Читаем В союзе с утопией. Смысловые рубежи позднесоветской культуры полностью

Гринблатт понимает такую тотальную редукцию самости прежде всего как бихевиористский взгляд на общественный договор, вспоминая в этом контексте специфическую терпимость утопийцев к атеистам: тот, кто «считает, что души гибнут вместе с телом» (Мор, 1953 [1516]: 200), не признается в Утопии ни человеком, ни гражданином, однако и не подвергается наказанию, если не начинает отстаивать свои убеждения в публичных диспутах. «Утопийцы гораздо больше обеспокоены тем, что люди делают, чем тем, во что они верят, – заключает Гринблатт. – В Утопии то, что не манифестируется в публичном поведении, имеет очень небольшую претензию на существование и, следовательно, не интересует всерьез сообщество» (Greenblatt, 1980: 53). Впрочем, исследователь замечает, что в некоторых социальных установлениях утопийцы руководствуются явно иными критериями – так, преступники, наказанные рабством, могут быть впоследствии отпущены на свободу, если «обнаружат раскаяние, свидетельствующее, что преступление тяготит их больше наказания» (Мор, 1953: 174). Гринблатт видит здесь противоречие и интерпретирует его как параллельное и независимое сосуществование в «Золотой книжечке» разных, плохо совместимых «этосов» – например, задач Realpolitik (в исходном значении этого термина, охватывающем не только внешнюю, но и внутреннюю политику) и этики христианского гуманизма (Greenblatt, 1980: 56).

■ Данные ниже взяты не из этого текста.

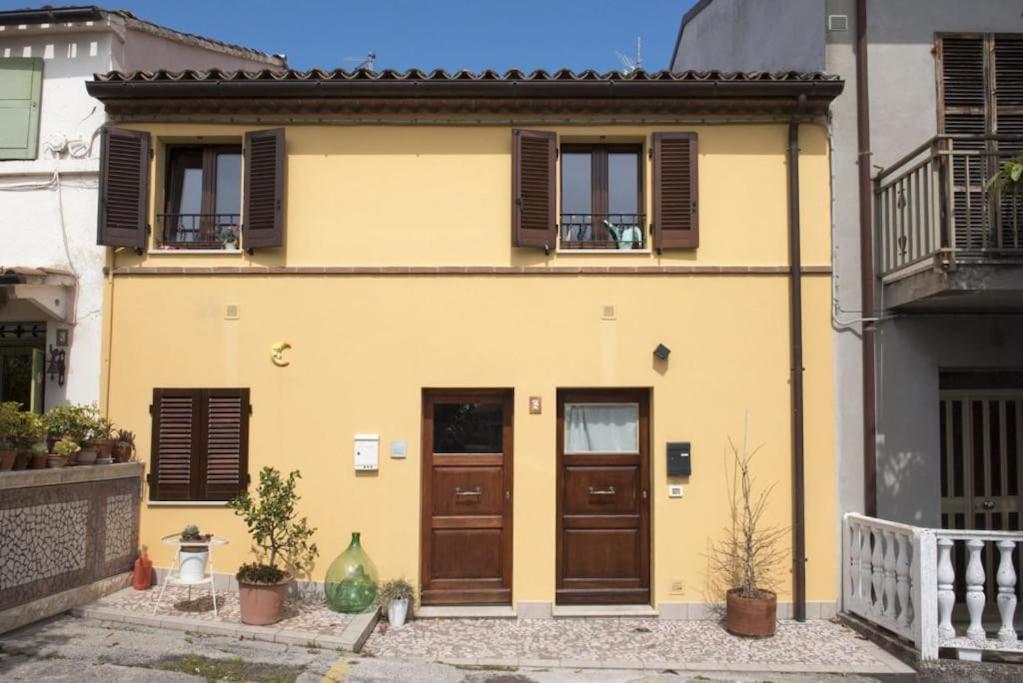 Grazioso Bilocale A 5 Minuti Da Numana Apartment Luaran gambar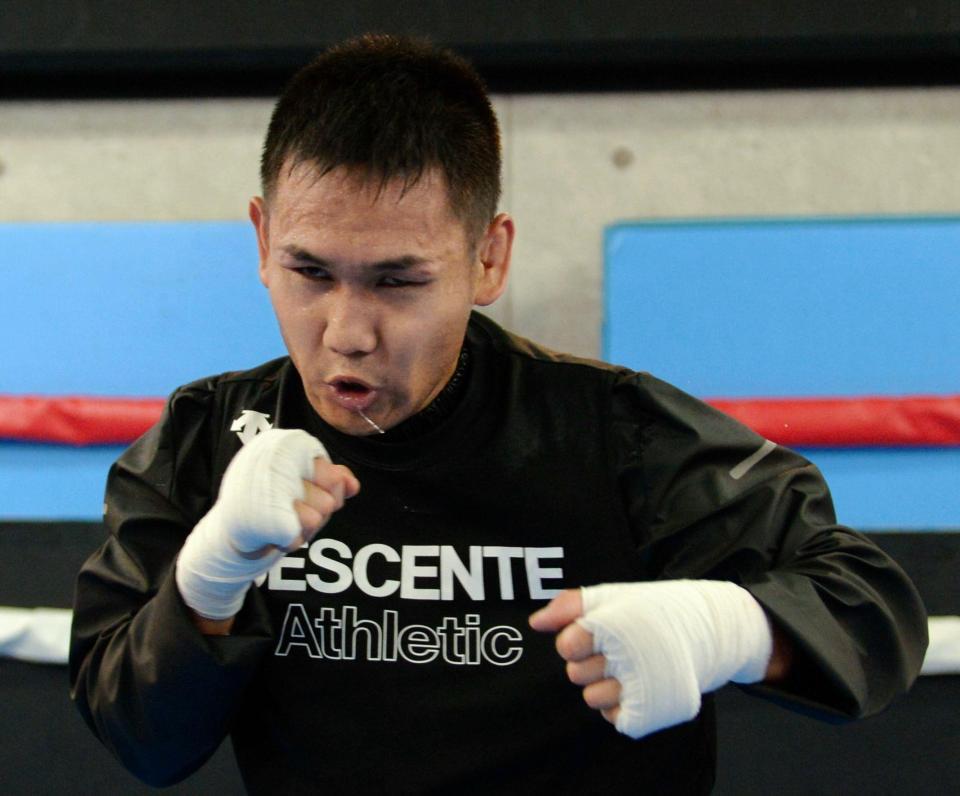 シャドーボクシングで汗を流す高山勝成＝大阪市の仲里ジム（撮影・佐藤厚）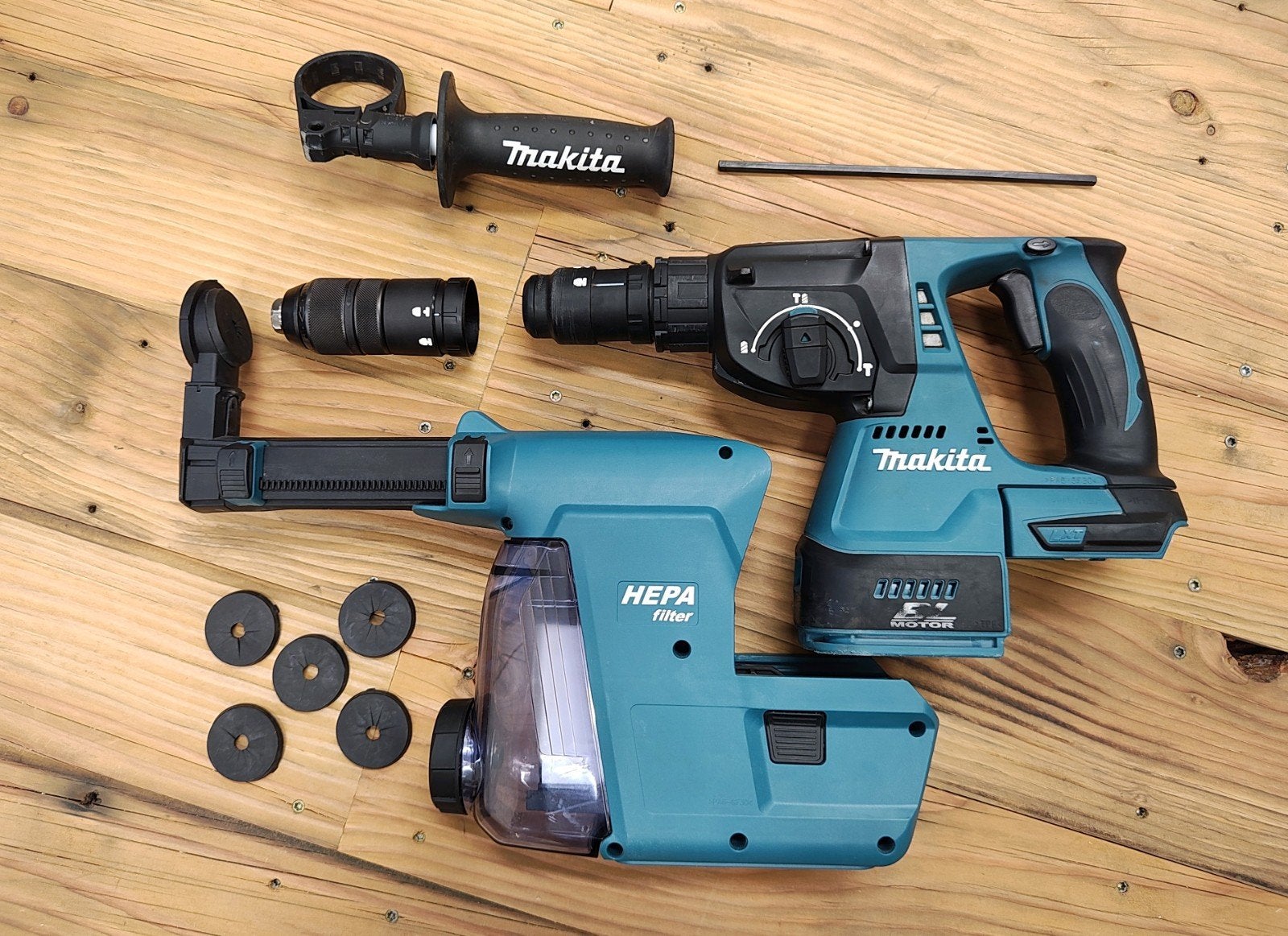 Makita DHR243ZJW 18V Combihamer met Stofafzuiging in Mbox, Ophalen of Verzenden, Gebruikt, Boor- en/of Breekhamer, Klopboormechanisme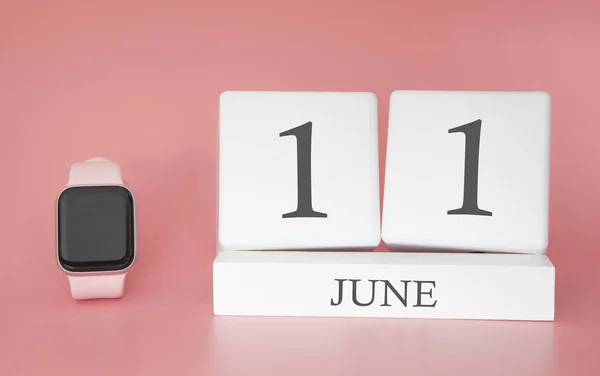 Modern Watch Cube Calendar Date June Pink Background Concept Summer — Stock Photo, Image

В этом ракурсе, конечно, игнорируется – не исключено, что намеренно, – более банальная и более простая трактовка (столь значимая для обоснования идеи о «тоталитарных» потенциях утопии): в «Утопии» манифестируется универсальная взаимосвязь нравственного блага и политической (социальной) целесообразности. Пересказанному чуть выше эпизоду о наказании и раскаянии преступников соответствует своего рода «зеркало» в первой части книги: упоминая о законах вымышленного народа полилеритов, Рафаил Гитлодей описывает, в сущности, то же установление, которому следуют утопийцы (преступники наказываются общественными работами), и резюмирует:

Люди <…> встречают такое обхождение, что им необходимо стать хорошими и в остальную часть жизни искупить все то количество вреда, какое они причинили раньше (Мор, 1953 [1516]: 71).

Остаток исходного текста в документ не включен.